Swamped: The property, which had never flooded before and is not near any rivers, lakes or the sea, and raised above ground level, was left under several feet of water

Swamped: The property, which had never flooded before and is not near any rivers, lakes or the sea, and raised above ground level, was left under several feet of water

My husband fought valiantly against a tide — strong enough to carry a tree stump from the back of our garden to our driveway — to rip off the side-gate and alleviate pressure from the swell in our garden. 

With cut and bruised legs, he then waded through waist-height water to check on elderly neighbours.

The fire service and police arrived. One neighbour had to be rescued by boat.
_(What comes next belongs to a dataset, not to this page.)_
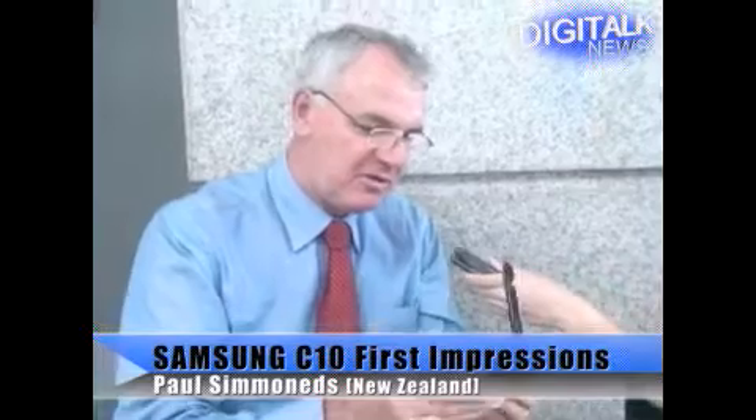Wow, that's a sharp picture. My first impression is it looks like a bit of a fingerprint magnet because it's so glossy, but the picture is stunning from the viewfinder. I figured out the zoom already. Color looks good, and the automatic compensation when I point towards the light is very good.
We had sprung into action a little before 9pm. By midnight, with my toddler strapped to my back, I was wading out to my parents’ car on higher ground.

It was a surreal moment. Another came soon after, when I fell victim to yet more insurance small print. 

The definition of ‘outbuilding’, which in my mind meant the shed, also includes garden fences, driveways and patios, we were told.

This meant the £7,500 of cover we had deemed more than adequate left us under-insured.

As a result, our insurer will only cover about half of any claim for a deck clean or a new shed, leaving us further out of pocket.

The house always wins, it seems. The insurer’s that is.

Our separate flood excess of £2,500 is also deemed very high compared with other policies.

Even homes in flood risk areas covered under the Government’s Flood Re scheme, which aims to make cover affordable, are typically charged an excess of about £250, according to Brian Brown, of data analysts Defaqto.

Yet we were fortunate in some ways as many cheaper insurers do not cover flooding at all.

Others are caught out because they fail to tell their insurers about the flood immediately, and before carrying out repairs. Thankfully I did this.

It’s also important to take photos of damage as it happens. But even having done things right, I almost certainly face a costly renewal premium.

Customers can pay nearly a fifth more for home insurance for living close to water. An average policy is about £193 a year for living within 150 metres of water, according to price comparison website GoCompare. Those more than 400 metres away pay an average £161.

And once a flood has occurred, the average policy can more than double from £132 to £313 a year, Moneysupermarket says.

Roger Flaxman, of insurance disputes specialist Flaxman Partners, adds: ‘We’re going to go through a winter where flooding could become more prolific. Check whether flooding is included or excluded in your policy. If not, you need to buy it.’